(What you will do)
Beginning at the line that contains "Evine kaçak elektrik", output each line exactly through the end of the records, and drop any pictures.

Crawled caption data:
↓
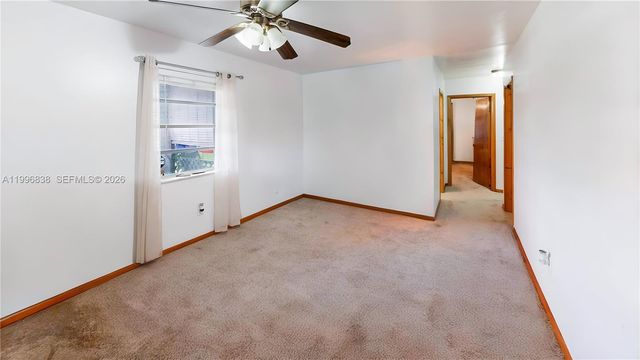 1560 NE 12th St, Homestead, FL 33033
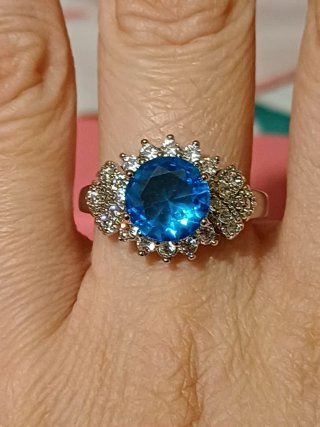Elegante anello azzurro con zirconi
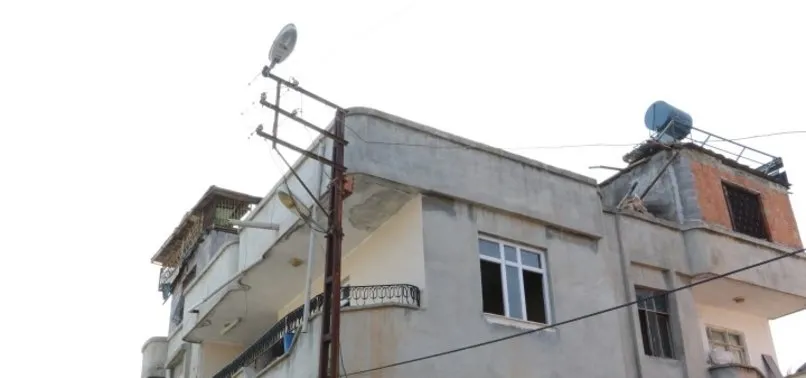 Evine kaçak elektrik çekmek isterken direkte asılı kaldı | Adana'da korkunç olay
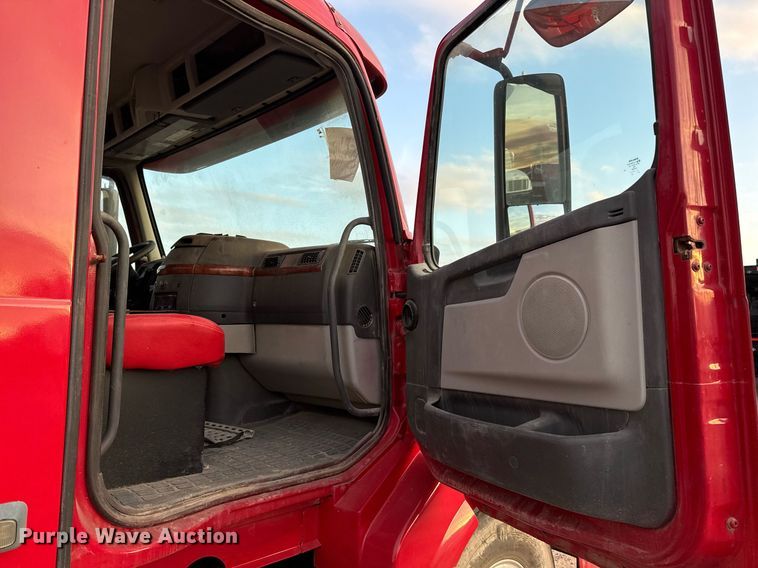 image for item EJ3228 2009 Volvo VN water truck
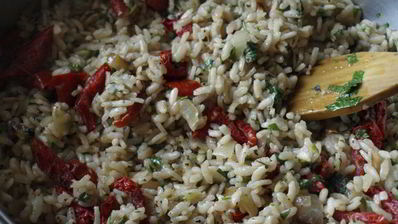 ризотто с петрушкой и вялеными помидорами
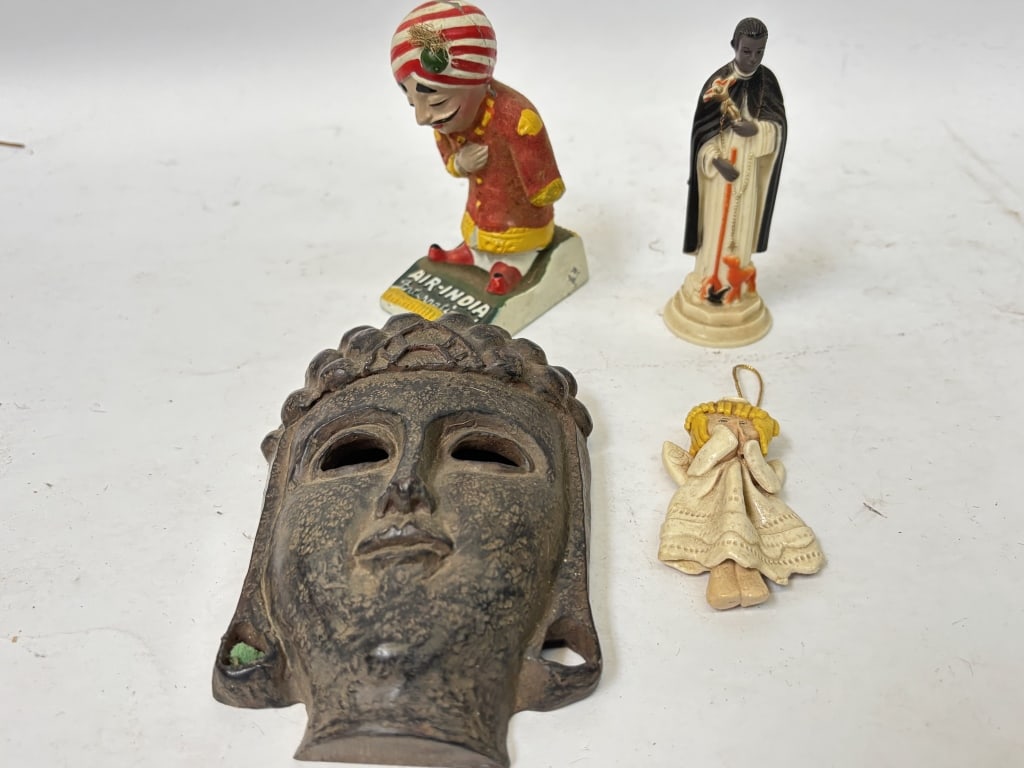 (4) Vintage Toys and Decors: (4) Vintage Toys and Decors, 5.5in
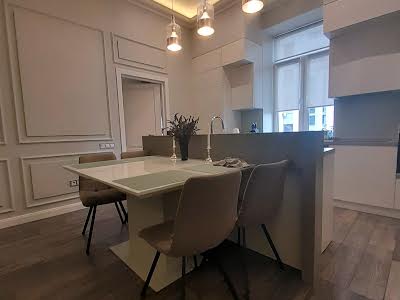 квартира за адресою Шота Руставелі вул., 24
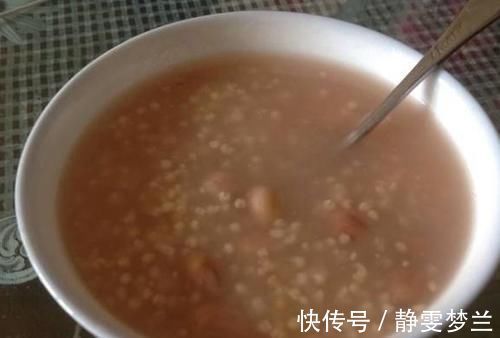 恢复|产妇坐月子,这几种粥可以多吃,不仅能下奶,还有益于产后恢复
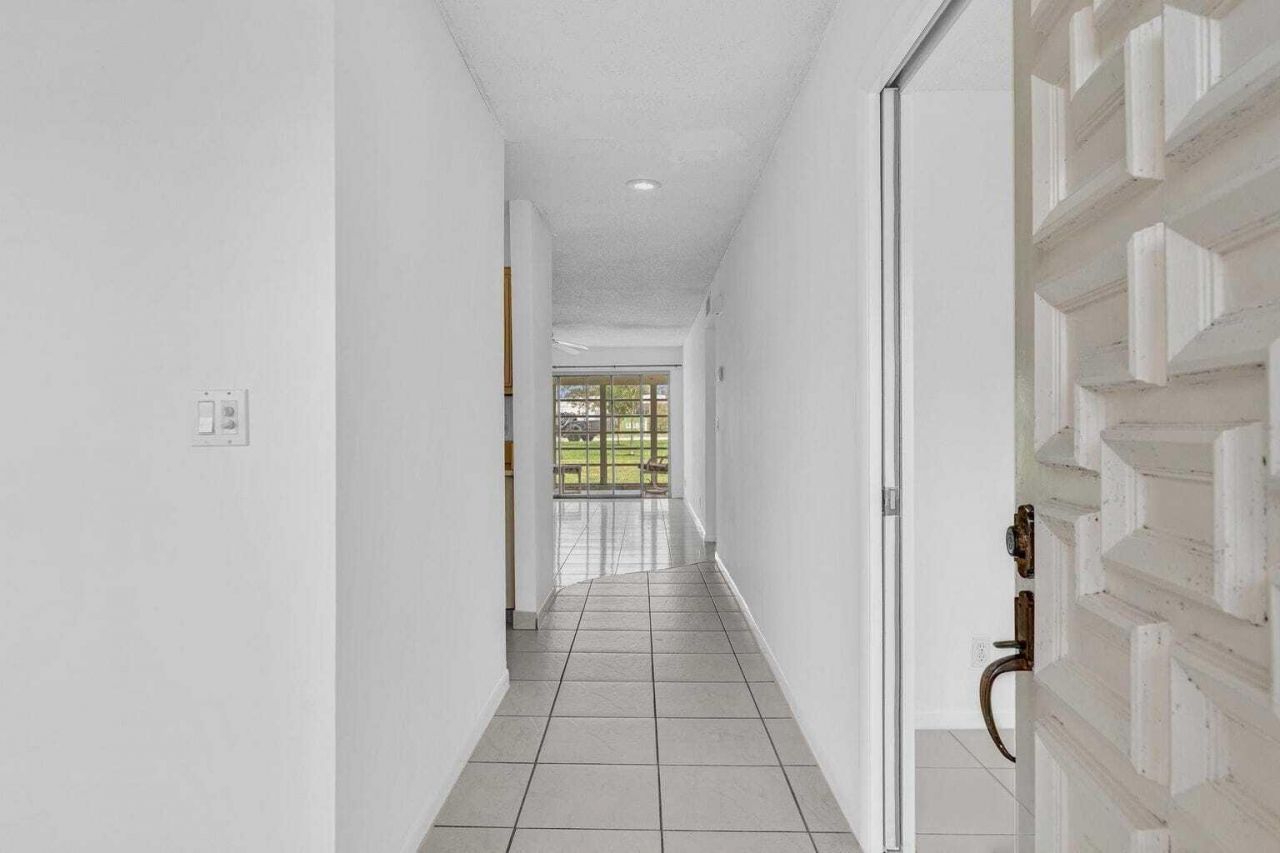 13721 Flora Place, Unit D, Delray Beach, FL 33484 Photo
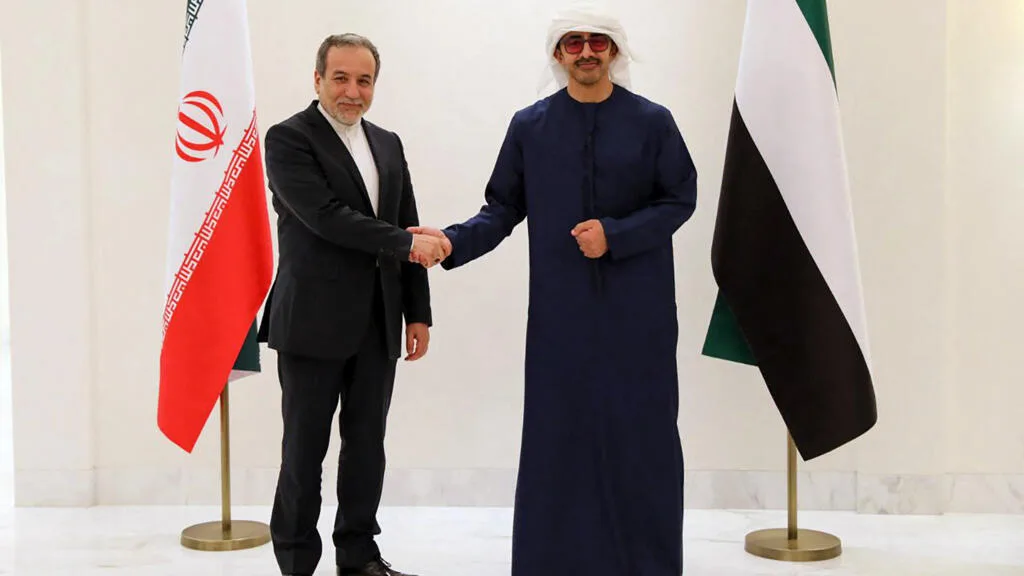 La suspension des relations commerciales entre Abou Dhabi et Téhéran isole l'Iran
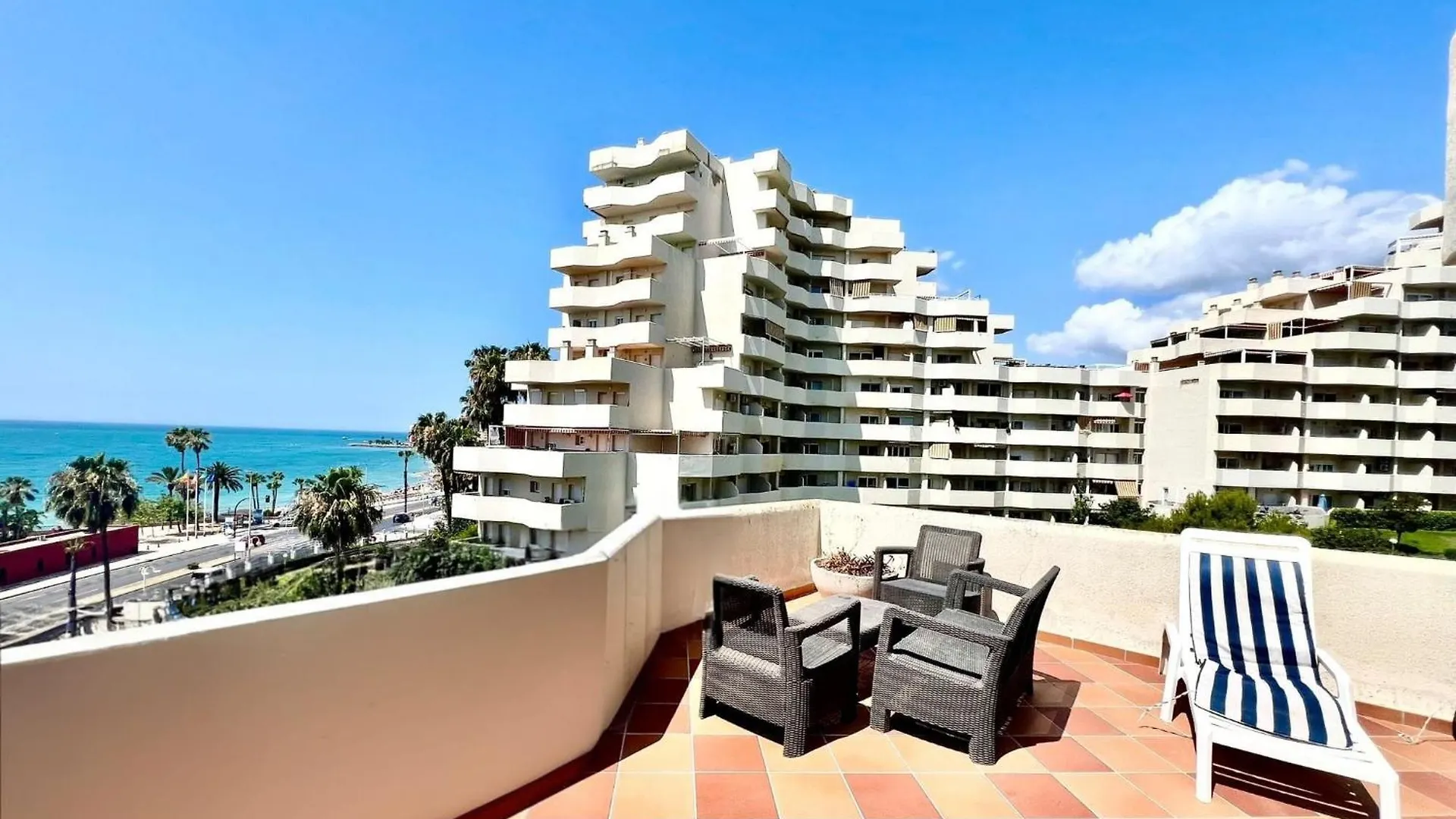 Sea Front Apartment With Large Terrace In Benalbeach بينالماذينا إسبانيا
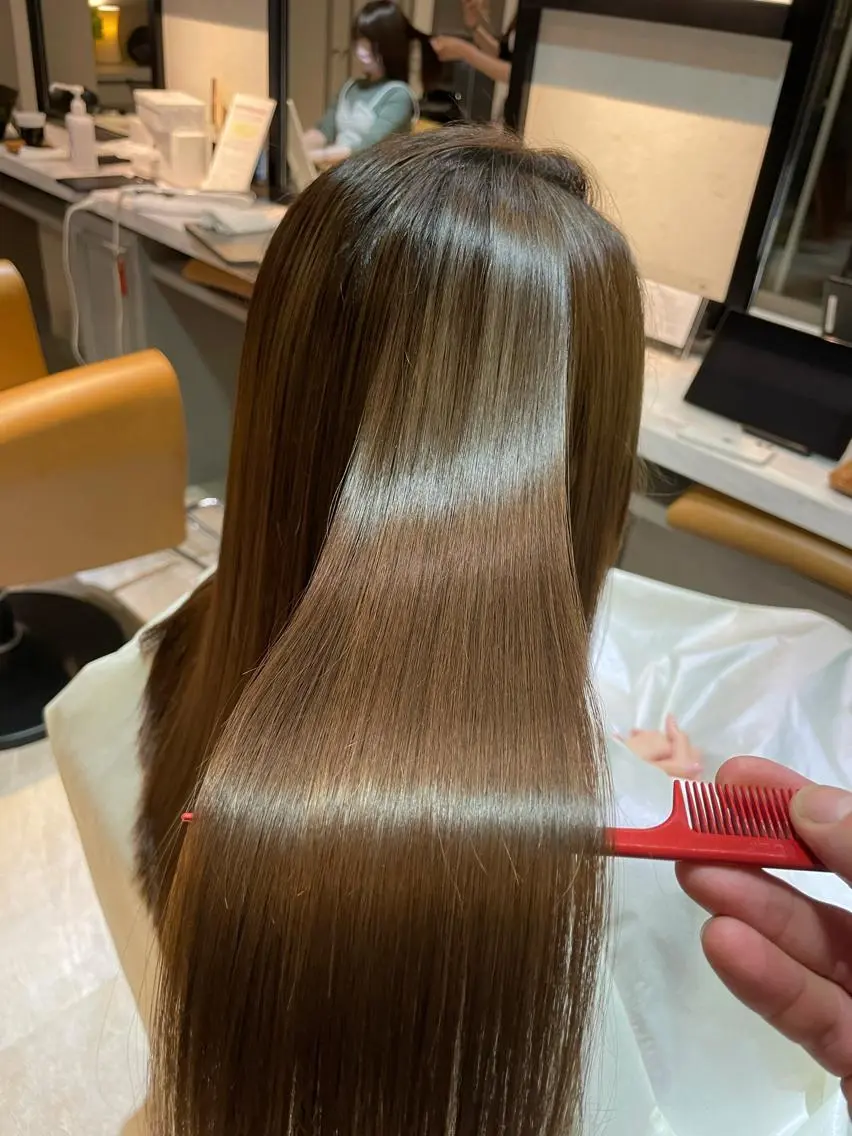 カット&ナチュラル縮毛矯正& 4stepトリートメントの写真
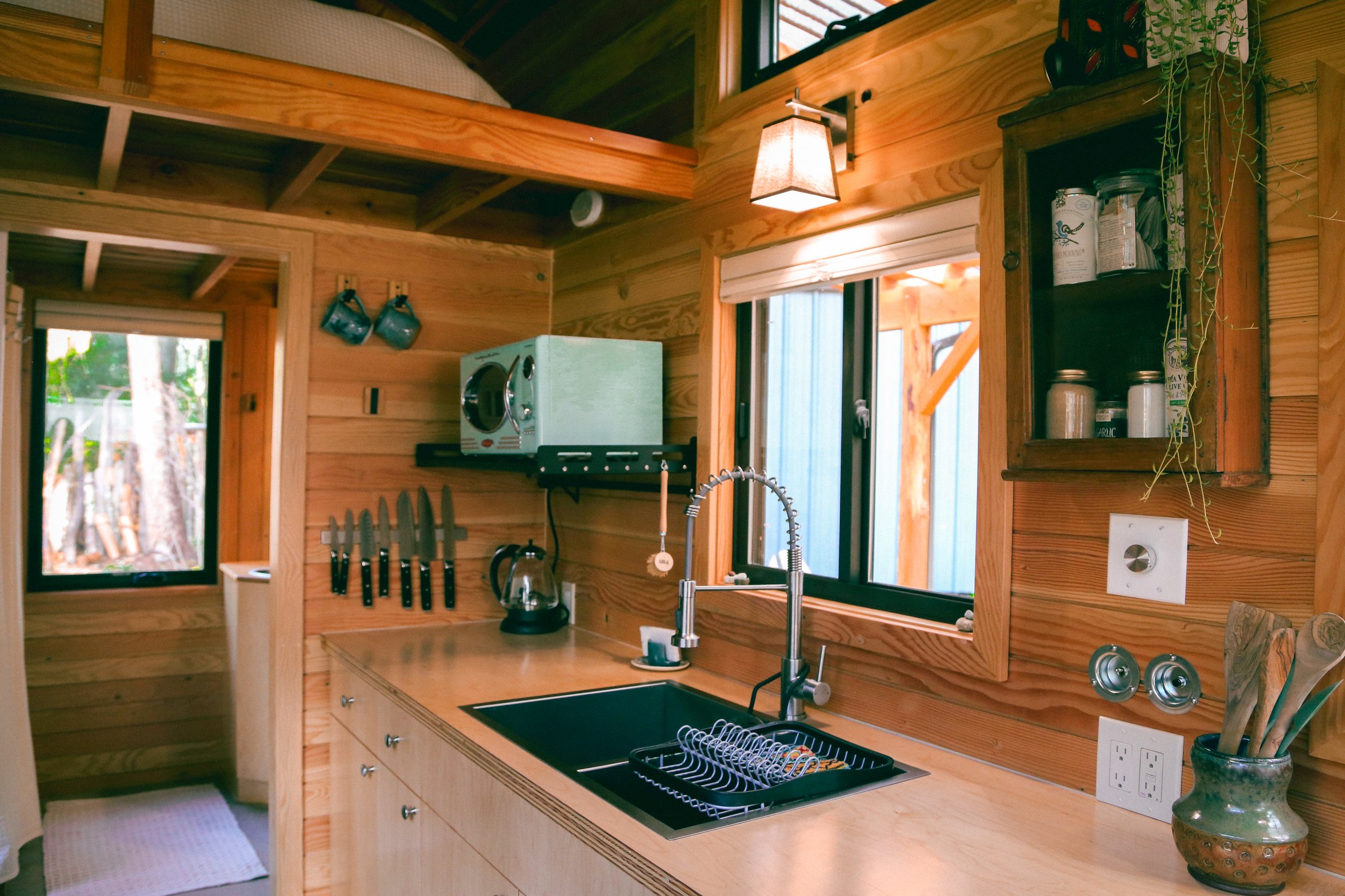 5. kitchen detail 2.jpg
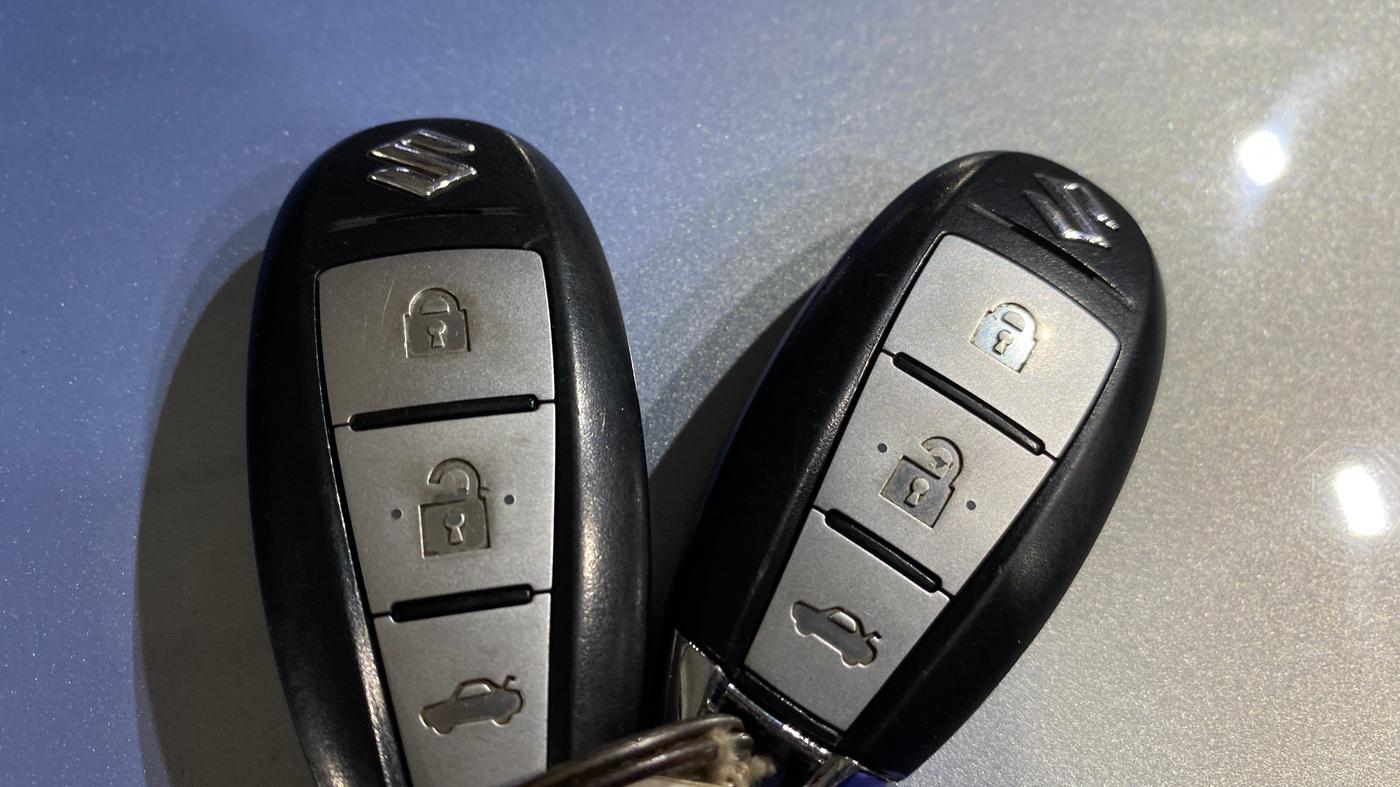 2015 Maruti Swift Dzire ZXI, Petrol, Manual, 82,808 km, Key Close Up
↑
(Problem solution)
 Evine kaçak elektrik çekmek isterken direkte asılı kaldı | Adana'da korkunç olay
 image for item EJ3228 2009 Volvo VN water truck
 ризотто с петрушкой и вялеными помидорами
 (4) Vintage Toys and Decors: (4) Vintage Toys and Decors, 5.5in
 квартира за адресою Шота Руставелі вул., 24
 恢复|产妇坐月子,这几种粥可以多吃,不仅能下奶,还有益于产后恢复
 13721 Flora Place, Unit D, Delray Beach, FL 33484 Photo
 La suspension des relations commerciales entre Abou Dhabi et Téhéran isole l'Iran
 Sea Front Apartment With Large Terrace In Benalbeach بينالماذينا إسبانيا
 カット&ナチュラル縮毛矯正& 4stepトリートメントの写真
 5. kitchen detail 2.jpg
 2015 Maruti Swift Dzire ZXI, Petrol, Manual, 82,808 km, Key Close Up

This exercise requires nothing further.